UCLA Extension Writers' Program is a unit within UCLA Extension, the not-for-profit and self-supporting community outreach arm of the University of California, Los Angeles. Located in the Westwood Village area of Los Angeles, the UCLA Extension Writers' Program offers approximately 400 annual open-enrollment screenwriting and creative writing courses for all levels of writers. Courses are available online and on the UCLA campuses in downtown Los Angeles and Woodland Hills. All courses are approved by the UCLA Academic Senate.

==History==
The Regents of the University of California established University Extension in 1891. A permanent Extension office was opened in Los Angeles in 1917. Extension moved to the UCLA campus in 1948, and subsequently to its location at Gayley and LeConte in 1971. The UCLA Extension Writers' Program was established in 1966.
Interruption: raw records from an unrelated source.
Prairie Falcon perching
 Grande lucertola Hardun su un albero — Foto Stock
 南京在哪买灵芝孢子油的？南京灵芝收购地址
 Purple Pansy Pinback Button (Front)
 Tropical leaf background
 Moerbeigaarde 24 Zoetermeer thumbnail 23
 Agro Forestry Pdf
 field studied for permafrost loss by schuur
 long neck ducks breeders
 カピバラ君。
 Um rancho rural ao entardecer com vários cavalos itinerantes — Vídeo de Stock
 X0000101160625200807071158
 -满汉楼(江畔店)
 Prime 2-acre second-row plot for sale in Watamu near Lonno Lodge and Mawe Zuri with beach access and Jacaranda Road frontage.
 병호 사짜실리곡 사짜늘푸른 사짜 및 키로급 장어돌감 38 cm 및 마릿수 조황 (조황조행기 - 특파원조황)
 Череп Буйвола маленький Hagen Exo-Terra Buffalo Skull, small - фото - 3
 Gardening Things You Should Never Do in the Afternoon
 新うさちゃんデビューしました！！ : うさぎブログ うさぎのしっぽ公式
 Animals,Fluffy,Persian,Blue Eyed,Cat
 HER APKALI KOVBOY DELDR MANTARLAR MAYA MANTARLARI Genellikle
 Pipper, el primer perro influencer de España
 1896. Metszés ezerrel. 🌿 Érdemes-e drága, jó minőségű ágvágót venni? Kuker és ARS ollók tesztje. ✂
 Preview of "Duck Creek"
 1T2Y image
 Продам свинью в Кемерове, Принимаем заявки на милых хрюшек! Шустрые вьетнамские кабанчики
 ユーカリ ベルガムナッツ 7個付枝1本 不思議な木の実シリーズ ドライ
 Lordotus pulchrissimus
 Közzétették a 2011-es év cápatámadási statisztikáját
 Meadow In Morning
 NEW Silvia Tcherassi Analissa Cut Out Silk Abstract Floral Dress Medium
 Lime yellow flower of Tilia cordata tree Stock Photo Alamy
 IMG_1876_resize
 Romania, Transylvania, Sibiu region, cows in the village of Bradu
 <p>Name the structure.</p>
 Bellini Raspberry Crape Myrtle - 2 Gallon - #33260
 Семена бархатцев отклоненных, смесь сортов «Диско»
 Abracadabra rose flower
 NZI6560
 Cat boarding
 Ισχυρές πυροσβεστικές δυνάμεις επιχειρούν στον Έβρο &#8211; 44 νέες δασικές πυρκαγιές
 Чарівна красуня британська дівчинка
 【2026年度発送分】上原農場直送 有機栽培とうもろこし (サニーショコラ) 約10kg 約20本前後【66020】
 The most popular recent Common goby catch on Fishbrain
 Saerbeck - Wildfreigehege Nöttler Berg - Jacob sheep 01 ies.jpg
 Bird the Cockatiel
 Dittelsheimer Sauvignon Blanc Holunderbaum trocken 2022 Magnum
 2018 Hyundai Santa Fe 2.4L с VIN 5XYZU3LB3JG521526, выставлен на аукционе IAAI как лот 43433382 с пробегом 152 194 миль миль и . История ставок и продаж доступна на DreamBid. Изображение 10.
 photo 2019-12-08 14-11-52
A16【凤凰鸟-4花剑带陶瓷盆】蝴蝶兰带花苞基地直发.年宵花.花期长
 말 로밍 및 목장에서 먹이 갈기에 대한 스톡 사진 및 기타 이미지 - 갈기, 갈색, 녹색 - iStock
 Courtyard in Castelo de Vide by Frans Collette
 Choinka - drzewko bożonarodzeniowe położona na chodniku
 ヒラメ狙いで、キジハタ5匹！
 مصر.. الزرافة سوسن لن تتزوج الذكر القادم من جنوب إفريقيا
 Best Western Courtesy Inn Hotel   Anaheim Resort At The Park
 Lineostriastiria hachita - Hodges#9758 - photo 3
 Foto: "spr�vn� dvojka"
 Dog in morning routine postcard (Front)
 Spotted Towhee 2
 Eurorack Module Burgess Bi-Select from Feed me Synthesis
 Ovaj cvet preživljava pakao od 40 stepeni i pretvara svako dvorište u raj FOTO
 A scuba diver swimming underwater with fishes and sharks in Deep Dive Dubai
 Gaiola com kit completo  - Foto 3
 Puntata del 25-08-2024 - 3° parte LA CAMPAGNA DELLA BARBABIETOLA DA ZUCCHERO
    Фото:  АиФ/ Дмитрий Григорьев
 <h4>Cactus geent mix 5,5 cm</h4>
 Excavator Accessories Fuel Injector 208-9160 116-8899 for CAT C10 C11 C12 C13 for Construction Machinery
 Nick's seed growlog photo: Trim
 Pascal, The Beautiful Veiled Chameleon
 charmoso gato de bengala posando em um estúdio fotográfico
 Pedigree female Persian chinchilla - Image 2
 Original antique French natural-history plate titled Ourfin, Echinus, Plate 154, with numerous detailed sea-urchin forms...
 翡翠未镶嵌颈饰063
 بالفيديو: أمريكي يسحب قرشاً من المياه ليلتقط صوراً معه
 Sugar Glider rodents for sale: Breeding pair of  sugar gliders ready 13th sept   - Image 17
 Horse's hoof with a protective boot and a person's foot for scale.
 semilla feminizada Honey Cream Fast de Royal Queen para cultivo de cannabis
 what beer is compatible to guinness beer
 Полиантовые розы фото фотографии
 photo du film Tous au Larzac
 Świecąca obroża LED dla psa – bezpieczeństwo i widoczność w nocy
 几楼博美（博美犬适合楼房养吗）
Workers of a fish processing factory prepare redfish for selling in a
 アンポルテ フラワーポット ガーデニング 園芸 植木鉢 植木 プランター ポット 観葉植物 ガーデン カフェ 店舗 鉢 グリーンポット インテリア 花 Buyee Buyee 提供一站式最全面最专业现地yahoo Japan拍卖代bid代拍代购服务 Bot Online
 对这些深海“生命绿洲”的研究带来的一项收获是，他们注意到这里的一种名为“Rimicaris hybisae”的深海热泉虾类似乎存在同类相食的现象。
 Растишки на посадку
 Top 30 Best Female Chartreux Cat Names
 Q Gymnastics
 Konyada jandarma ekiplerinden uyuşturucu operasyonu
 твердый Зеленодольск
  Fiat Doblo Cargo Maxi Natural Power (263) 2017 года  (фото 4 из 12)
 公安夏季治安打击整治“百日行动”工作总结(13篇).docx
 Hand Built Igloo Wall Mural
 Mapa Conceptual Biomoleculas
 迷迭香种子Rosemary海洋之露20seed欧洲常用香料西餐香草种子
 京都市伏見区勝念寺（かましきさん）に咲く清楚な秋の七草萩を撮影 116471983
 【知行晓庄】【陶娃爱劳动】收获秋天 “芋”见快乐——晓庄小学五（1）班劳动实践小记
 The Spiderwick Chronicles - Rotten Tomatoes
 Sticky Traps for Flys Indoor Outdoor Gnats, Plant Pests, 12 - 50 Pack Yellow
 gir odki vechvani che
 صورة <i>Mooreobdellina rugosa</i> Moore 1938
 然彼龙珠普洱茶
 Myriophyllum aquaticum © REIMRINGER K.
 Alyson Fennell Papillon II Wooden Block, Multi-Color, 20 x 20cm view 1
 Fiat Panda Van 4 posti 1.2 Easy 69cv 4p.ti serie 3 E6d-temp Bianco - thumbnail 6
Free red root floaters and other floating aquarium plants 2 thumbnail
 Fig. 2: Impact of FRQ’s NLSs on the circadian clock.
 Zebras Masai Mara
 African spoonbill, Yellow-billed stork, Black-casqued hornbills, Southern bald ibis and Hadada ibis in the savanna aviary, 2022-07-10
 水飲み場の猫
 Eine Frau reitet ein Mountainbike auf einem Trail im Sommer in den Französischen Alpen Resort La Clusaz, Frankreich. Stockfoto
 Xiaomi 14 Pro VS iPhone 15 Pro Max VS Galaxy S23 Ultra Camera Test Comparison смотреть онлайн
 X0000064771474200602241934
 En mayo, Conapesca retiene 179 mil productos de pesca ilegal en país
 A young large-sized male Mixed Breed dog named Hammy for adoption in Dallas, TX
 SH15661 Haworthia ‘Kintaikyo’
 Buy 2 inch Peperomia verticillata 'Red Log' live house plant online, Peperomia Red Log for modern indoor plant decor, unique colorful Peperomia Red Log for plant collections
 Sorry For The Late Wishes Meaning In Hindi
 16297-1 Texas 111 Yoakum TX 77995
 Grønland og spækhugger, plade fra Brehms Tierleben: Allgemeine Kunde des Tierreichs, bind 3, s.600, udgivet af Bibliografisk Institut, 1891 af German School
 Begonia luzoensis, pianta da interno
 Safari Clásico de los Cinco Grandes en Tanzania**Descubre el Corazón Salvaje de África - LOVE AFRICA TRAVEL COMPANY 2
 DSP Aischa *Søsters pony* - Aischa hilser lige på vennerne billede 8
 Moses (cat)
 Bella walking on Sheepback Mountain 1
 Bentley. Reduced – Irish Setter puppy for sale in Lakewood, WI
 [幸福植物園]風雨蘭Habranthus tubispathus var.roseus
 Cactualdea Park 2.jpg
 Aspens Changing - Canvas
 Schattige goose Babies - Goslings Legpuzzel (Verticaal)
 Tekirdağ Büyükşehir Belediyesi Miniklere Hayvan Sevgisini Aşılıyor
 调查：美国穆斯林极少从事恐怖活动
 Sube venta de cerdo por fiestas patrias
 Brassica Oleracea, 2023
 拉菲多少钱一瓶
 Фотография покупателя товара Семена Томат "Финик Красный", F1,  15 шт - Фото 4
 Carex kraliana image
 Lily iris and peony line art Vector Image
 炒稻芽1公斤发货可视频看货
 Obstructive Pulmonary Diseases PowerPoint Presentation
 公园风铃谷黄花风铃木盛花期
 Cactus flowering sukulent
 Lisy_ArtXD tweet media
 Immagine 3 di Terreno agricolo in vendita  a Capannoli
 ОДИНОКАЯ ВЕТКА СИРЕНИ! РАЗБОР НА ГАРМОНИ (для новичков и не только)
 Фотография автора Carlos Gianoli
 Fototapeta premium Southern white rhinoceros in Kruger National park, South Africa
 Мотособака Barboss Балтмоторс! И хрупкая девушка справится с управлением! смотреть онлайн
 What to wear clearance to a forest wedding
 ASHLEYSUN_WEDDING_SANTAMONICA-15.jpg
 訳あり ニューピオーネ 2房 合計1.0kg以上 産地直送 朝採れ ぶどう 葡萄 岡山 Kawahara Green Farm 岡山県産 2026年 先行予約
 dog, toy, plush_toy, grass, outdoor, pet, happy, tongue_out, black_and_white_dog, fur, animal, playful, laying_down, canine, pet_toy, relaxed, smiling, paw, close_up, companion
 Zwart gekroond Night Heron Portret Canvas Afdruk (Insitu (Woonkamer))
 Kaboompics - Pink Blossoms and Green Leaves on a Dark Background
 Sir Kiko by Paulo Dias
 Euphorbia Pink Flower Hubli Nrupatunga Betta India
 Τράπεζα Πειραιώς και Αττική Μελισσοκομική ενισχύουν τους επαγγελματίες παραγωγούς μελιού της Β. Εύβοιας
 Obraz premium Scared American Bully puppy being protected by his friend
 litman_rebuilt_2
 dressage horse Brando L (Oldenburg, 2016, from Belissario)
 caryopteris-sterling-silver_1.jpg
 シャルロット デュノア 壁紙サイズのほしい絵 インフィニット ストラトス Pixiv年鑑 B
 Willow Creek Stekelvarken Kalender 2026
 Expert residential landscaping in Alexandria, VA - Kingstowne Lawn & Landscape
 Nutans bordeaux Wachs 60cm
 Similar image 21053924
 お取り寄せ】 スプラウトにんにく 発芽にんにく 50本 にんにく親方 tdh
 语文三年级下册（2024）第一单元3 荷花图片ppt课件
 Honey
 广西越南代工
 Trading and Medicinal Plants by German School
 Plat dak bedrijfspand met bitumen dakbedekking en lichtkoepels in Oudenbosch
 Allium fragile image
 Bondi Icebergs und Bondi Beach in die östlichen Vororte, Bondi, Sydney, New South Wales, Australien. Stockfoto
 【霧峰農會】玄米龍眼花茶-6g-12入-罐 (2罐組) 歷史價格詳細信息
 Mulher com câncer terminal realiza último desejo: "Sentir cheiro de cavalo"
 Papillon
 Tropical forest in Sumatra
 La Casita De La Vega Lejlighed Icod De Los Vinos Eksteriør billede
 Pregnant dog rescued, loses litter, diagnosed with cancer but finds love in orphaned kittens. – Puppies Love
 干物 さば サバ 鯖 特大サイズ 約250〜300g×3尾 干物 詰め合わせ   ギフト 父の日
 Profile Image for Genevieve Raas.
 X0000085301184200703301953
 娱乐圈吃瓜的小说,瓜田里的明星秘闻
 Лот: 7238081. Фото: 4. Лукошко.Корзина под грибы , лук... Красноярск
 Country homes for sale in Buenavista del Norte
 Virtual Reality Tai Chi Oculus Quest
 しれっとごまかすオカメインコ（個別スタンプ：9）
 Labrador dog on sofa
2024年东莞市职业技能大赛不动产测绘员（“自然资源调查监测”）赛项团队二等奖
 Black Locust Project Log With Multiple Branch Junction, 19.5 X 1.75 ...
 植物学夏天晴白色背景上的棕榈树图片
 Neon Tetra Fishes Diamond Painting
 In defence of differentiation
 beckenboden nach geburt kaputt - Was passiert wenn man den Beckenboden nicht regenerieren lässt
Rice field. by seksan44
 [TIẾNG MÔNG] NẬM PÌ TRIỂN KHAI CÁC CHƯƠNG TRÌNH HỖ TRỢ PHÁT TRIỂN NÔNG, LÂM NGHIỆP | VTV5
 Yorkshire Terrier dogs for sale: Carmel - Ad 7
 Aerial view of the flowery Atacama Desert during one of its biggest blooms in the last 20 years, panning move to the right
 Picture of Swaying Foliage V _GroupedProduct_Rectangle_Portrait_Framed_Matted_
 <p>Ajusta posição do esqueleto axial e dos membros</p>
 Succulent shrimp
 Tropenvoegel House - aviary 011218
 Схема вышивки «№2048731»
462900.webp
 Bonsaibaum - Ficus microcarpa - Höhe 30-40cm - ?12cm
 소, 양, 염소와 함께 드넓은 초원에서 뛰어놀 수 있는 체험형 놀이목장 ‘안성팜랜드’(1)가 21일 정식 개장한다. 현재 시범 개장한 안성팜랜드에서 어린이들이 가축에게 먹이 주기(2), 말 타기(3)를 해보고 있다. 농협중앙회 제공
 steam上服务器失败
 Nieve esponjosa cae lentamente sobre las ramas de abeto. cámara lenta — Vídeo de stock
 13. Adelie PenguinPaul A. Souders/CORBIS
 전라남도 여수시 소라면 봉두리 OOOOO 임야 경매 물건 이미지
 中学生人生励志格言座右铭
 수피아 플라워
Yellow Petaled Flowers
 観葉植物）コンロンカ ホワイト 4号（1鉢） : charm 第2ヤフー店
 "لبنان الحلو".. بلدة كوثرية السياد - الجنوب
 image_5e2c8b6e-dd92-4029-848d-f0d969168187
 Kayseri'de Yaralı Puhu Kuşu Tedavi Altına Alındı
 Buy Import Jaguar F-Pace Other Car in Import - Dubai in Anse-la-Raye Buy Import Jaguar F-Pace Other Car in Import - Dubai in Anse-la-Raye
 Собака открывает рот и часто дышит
Dr. Linda Venis served as the Director of the Writers' Program from August 1986 until June 2016, when she retired. In October 2016, Charles Jensen was hired to head up the Program.

==Program==
The Writers' Program offers approximately 400 annual onsite and online courses including beginning, intermediate, and advanced-level courses in fiction, memoir, personal essay, poetry, playwriting, editing, publishing, and screenwriting. Courses are taught by a roster of more than 200 published or produced writing professionals.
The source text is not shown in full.